• Dataset entries
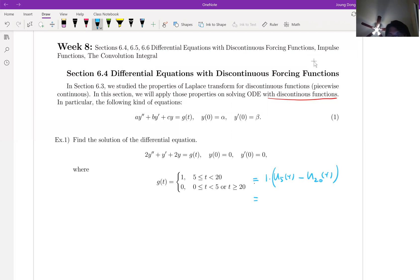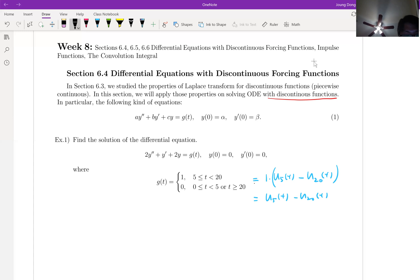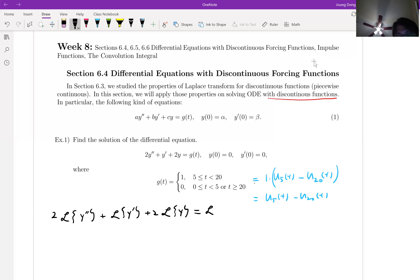Your g(t) can be written as u₅(t) minus u₂₀(t). Now let me apply the Laplace transform to the differential equation. Applying the linearity property, we get: Laplace transform of 2y'' plus Laplace transform of y' plus 2 times Laplace transform of y, equal to the Laplace transform of the right-hand side, which is u₅(t) minus u₂₀(t).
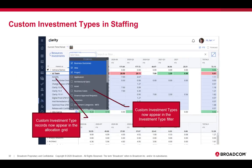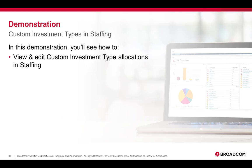Here's an example of the custom investment types in staffing. You'll see that the custom investment type records now appear in the allocation grid, and custom investment types now appear in the investment type filter. And so with that, we will go ahead and take a look at the custom investment types in staffing.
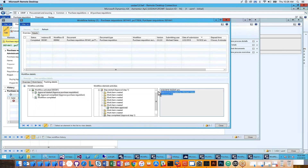The mobile approval app supports biometrics — Face ID and Touch ID. It supports any standard or custom workflow, approves with signature capture, and can store that signature in AX. It supports custom fields, display methods, and standard or custom reports, surfacing that information on the mobile device. It's fully configurable and can be tailored to any workflow and any workflow process in Dynamics AX.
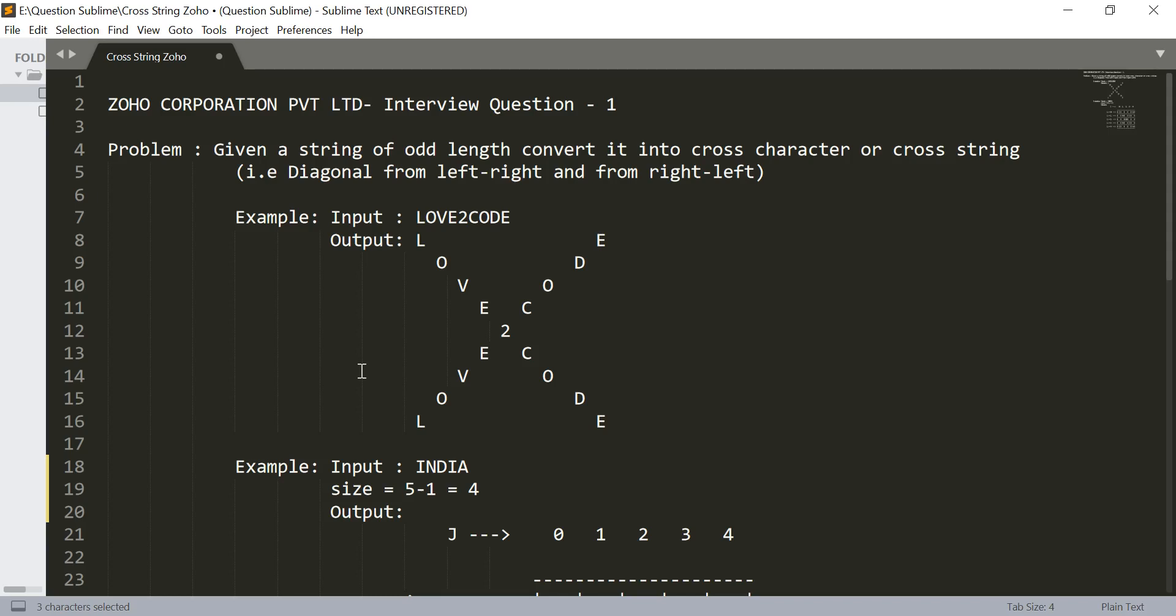Hello and welcome. In this video we are going to see one of the interview questions which is asked in Zoho Corporation. This interview question is asked in second round. Let us discuss the problem statement. Given a string of odd length, we have to convert it into a cross character or a cross string, that is diagonally from left to right and from right to left.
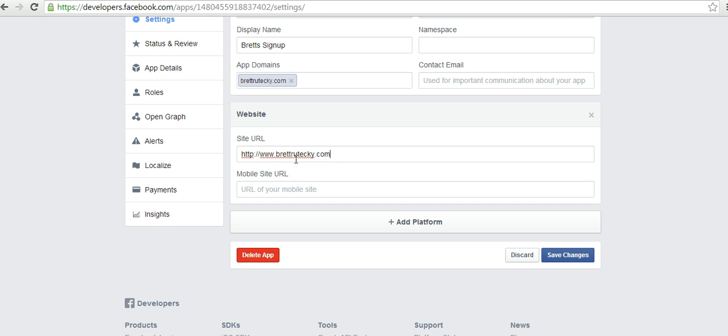And two things are important when you're typing in the URL of your website. First, make sure you include the http www.semicolon-forward-slash-forward-slash. That is a full URL. If I were to just type in brettritecki.com right now, that would be a domain name. What you need here is a full URL. The second thing that's important to remember is here you want to include the final forward slash. So you type it in like that. So it's http semicolon slash slash www.brettritecki.com slash.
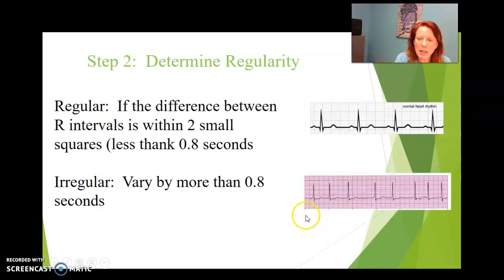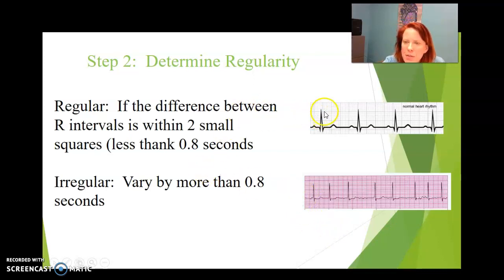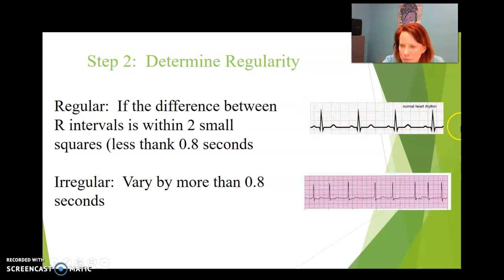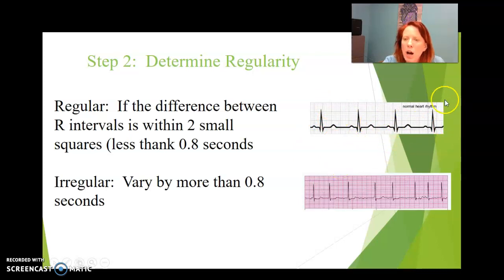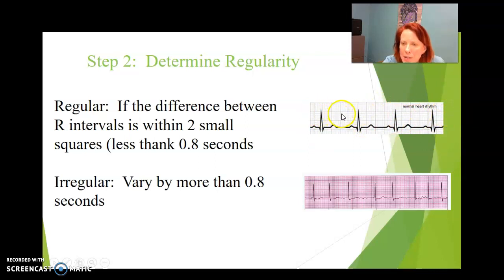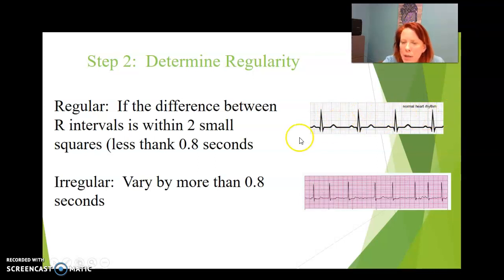Determining the regularity: when you look at this strip, this has 40 beats per minute and it is regular. Regularity means the beat comes in a regular pattern — when you look at it with your eyes, you can see the beat is at a regular value. You can tell by counting the squares between the big squares between the R peaks.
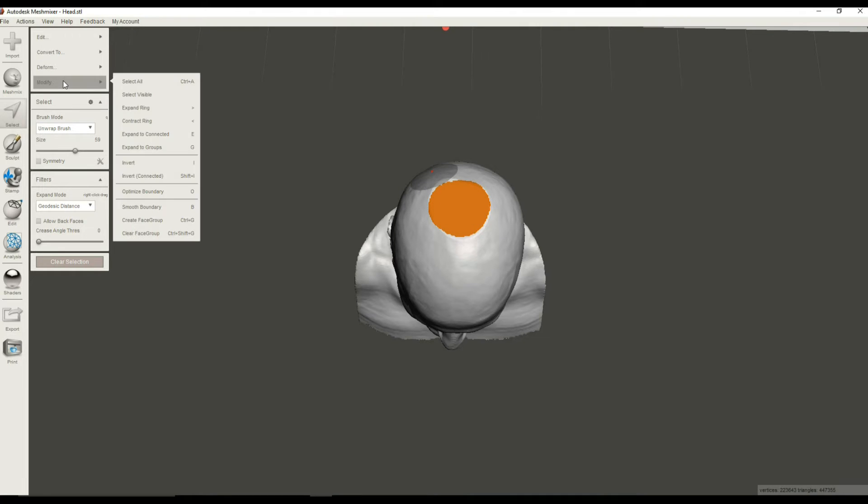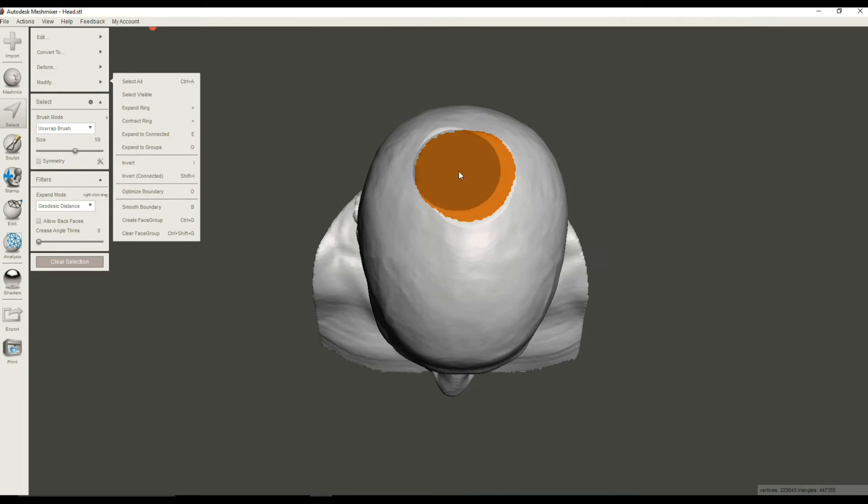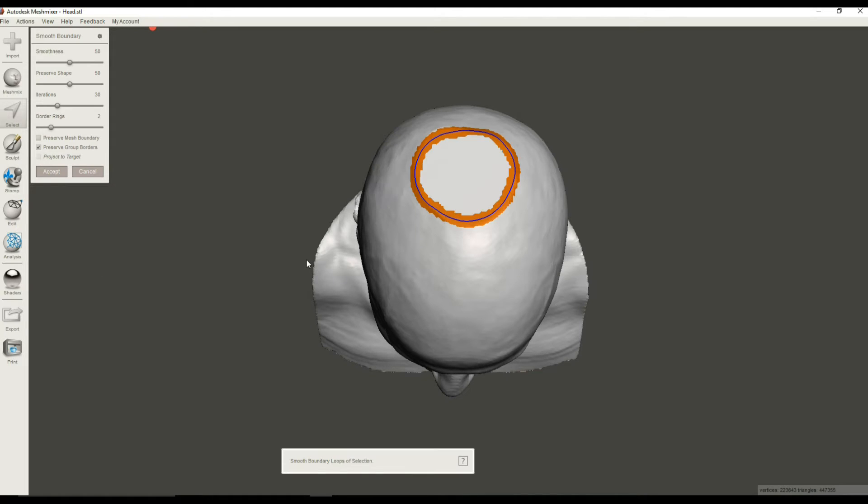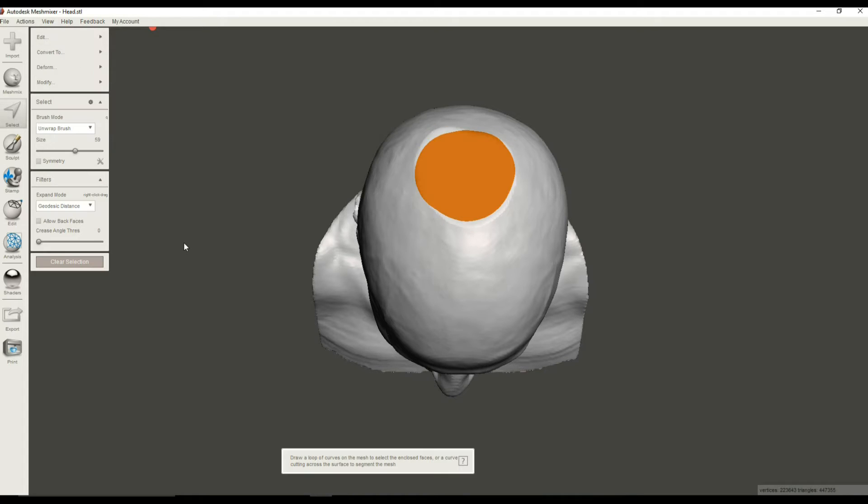Next, we're going to make this selection a little prettier. You can tell that it's a little bit rough on the edges. So you go to Modify, Smooth Boundary, or hit the B key. All right, and that looks pretty good. I like that, so I'm going to hit Accept, and now I've got a highlighted region with a nice smooth boundary.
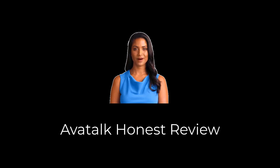Hello and welcome to this video review of AvaTalk. In this video I'll review AvaTalk. Stay tuned.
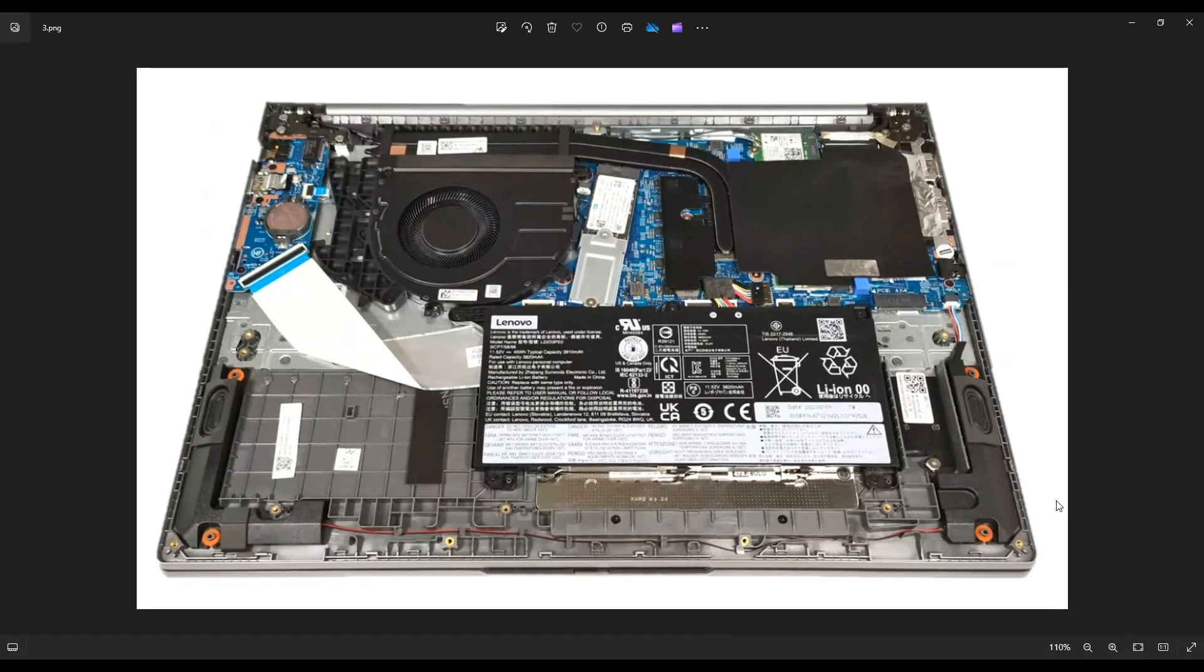Now before touching anything in a computer, you want to at least unplug your battery first. It makes the computer safer to work on when as little power as possible is running through it.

• Problem
Return the records above exactly, without the pictures.

• Response below
Your g(t) can be written as u₅(t) minus u₂₀(t). Now let me apply the Laplace transform to the differential equation. Applying the linearity property, we get: Laplace transform of 2y'' plus Laplace transform of y' plus 2 times Laplace transform of y, equal to the Laplace transform of the right-hand side, which is u₅(t) minus u₂₀(t).
Here's an example of the custom investment types in staffing. You'll see that the custom investment type records now appear in the allocation grid, and custom investment types now appear in the investment type filter. And so with that, we will go ahead and take a look at the custom investment types in staffing.
The mobile approval app supports biometrics — Face ID and Touch ID. It supports any standard or custom workflow, approves with signature capture, and can store that signature in AX. It supports custom fields, display methods, and standard or custom reports, surfacing that information on the mobile device. It's fully configurable and can be tailored to any workflow and any workflow process in Dynamics AX.
Hello and welcome. In this video we are going to see one of the interview questions which is asked in Zoho Corporation. This interview question is asked in second round. Let us discuss the problem statement. Given a string of odd length, we have to convert it into a cross character or a cross string, that is diagonally from left to right and from right to left.
And two things are important when you're typing in the URL of your website. First, make sure you include the http www.semicolon-forward-slash-forward-slash. That is a full URL. If I were to just type in brettritecki.com right now, that would be a domain name. What you need here is a full URL. The second thing that's important to remember is here you want to include the final forward slash. So you type it in like that. So it's http semicolon slash slash www.brettritecki.com slash.
Determining the regularity: when you look at this strip, this has 40 beats per minute and it is regular. Regularity means the beat comes in a regular pattern — when you look at it with your eyes, you can see the beat is at a regular value. You can tell by counting the squares between the big squares between the R peaks.
Next, we're going to make this selection a little prettier. You can tell that it's a little bit rough on the edges. So you go to Modify, Smooth Boundary, or hit the B key. All right, and that looks pretty good. I like that, so I'm going to hit Accept, and now I've got a highlighted region with a nice smooth boundary.
Hello and welcome to this video review of AvaTalk. In this video I'll review AvaTalk. Stay tuned.
Now before touching anything in a computer, you want to at least unplug your battery first. It makes the computer safer to work on when as little power as possible is running through it.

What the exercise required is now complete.